Filed Pursuant to Rule 433
Registration No. 333-230004
November 16, 2021
PRICING TERM SHEET
2.800% Senior Notes due 2031
Issuer: | Primerica, Inc. | |
Expected Ratings (Moody’s / S&P)*: | Baa1 / A- | |
Security Title: | 2.800% Senior Notes due 2031 | |
Principal Amount: | $600,000,000 | |
Trade Date: | November 16, 2021 | |
Expected Settlement Date**: | November 19, 2021 (T+3) | |
Interest Payment Dates: | May 19 and November 19, commencing May 19, 2022 | |
Maturity Date: | November 19, 2031 | |
Coupon: | 2.800% | |
Benchmark Treasury: | 1.375% due November 15, 2031 | |
Benchmark Treasury Price and Yield: | 97-20+ / 1.632% | |
Spread to Benchmark Treasury: | + 122 basis points | |
Yield to Maturity: | 2.852% | |
Price to Public: | 99.550% of the principal amount | |
Net Proceeds to Primerica, Inc. (before expenses): | $593,400,000 | |
Optional Redemption: | Make-whole at T+20 basis points; par call at any time on or after August 19, 2031 | |
CUSIP / ISIN: | 74164M AB4 / US74164MAB46 |
Joint Book-Running Managers: | Wells Fargo Securities, LLC BNY Mellon Capital Markets, LLC Goldman Sachs & Co. LLC RBC Capital Markets, LLC Scotia Capital (USA) Inc. |
* Note: A securities rating is not a recommendation to buy, sell or hold securities and may be subject to revision or withdrawal at any time.
** It is expected that delivery of the Notes will be made against payment therefor on or about November 19, 2021, which will be the third business day following the date hereof (this settlement cycle being referred to as “T + 3”). Under Rule 15c6-1 of the Securities Exchange Act of 1934, trades in the secondary market generally are required to settle in two business days, unless the parties to a trade expressly agree otherwise. Accordingly, purchasers who wish to trade the Notes on any day prior to two business days before delivery will be required to specify alternative settlement arrangements at the time of any such trade to prevent a failed settlement and should consult their own advisors.

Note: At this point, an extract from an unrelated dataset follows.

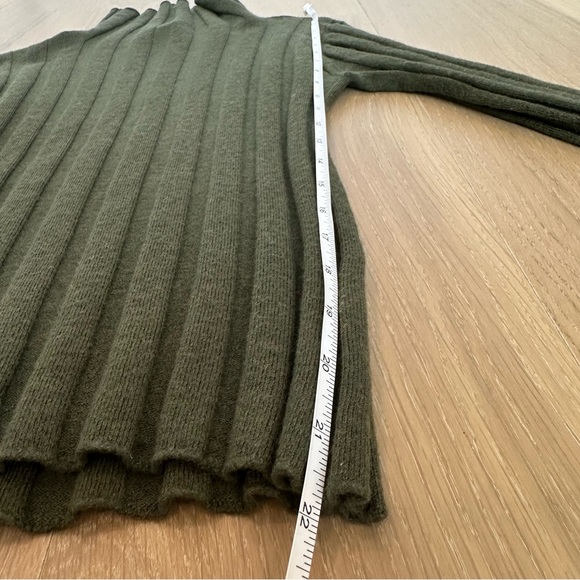 Baserange Adler Turtleneck Sweater Green Merino Wool Ribbed Forest Small Winter - Picture 10 of 13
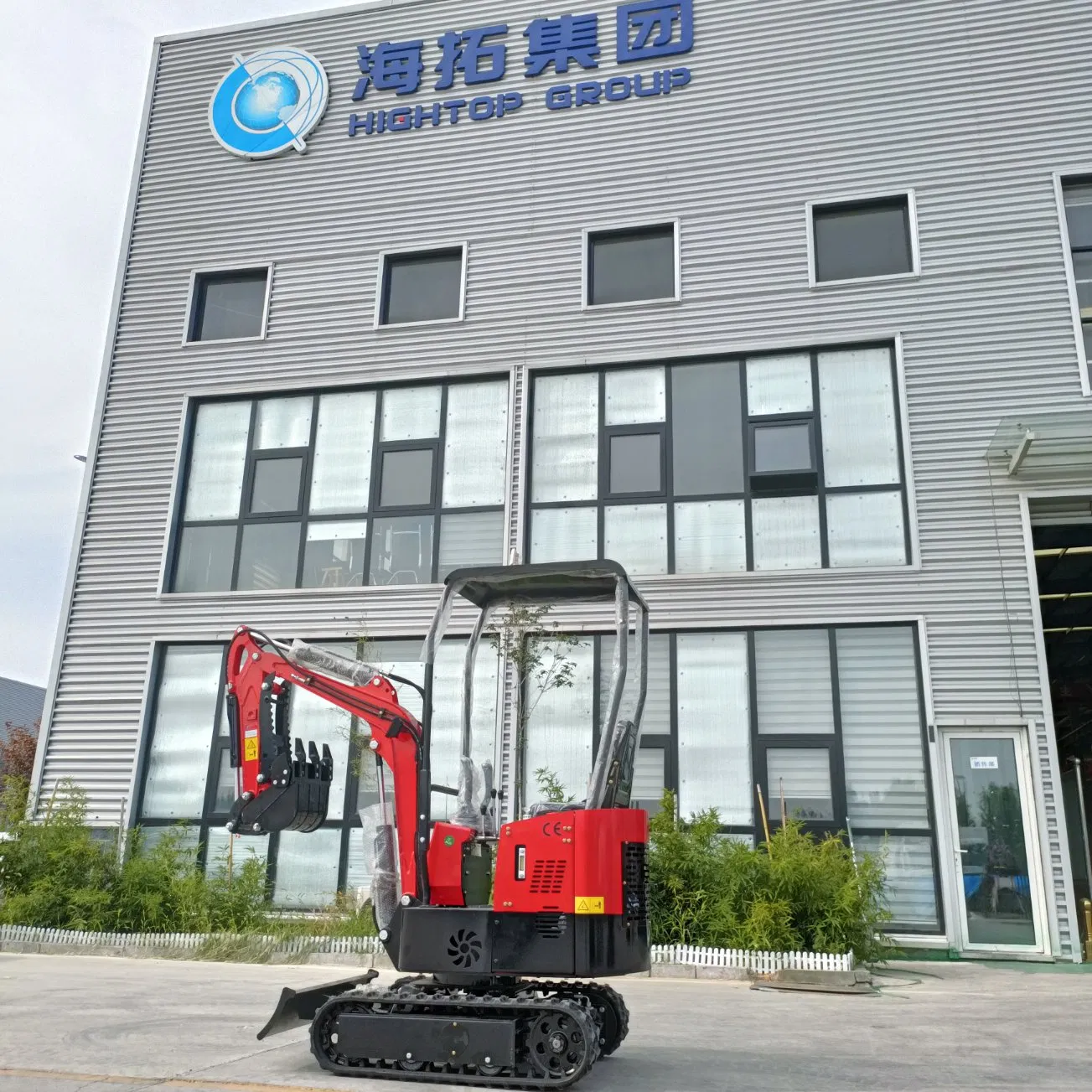 New Micro Hydraulic Excavator Mini Digging Machine with Thumb Bucket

The issuer has filed a registration statement (including a prospectus) with the SEC for the offering to which this communication relates. Before you invest, you should read the prospectus in that registration statement and other documents the issuer has filed with the SEC for more complete information about the issuer and this offering. You may get these documents for free by visiting EDGAR on the SEC Web site at www.sec.gov. Alternatively, the issuer, any underwriter or any dealer participating in the offering will arrange to send you the prospectus if you request it by calling Wells Fargo Securities, LLC toll-free at 1-800-645-3751; Citigroup Global Markets Inc. toll free at 1-800-831-9146; or J.P. Morgan Securities LLC collect at 1-212-834-4533.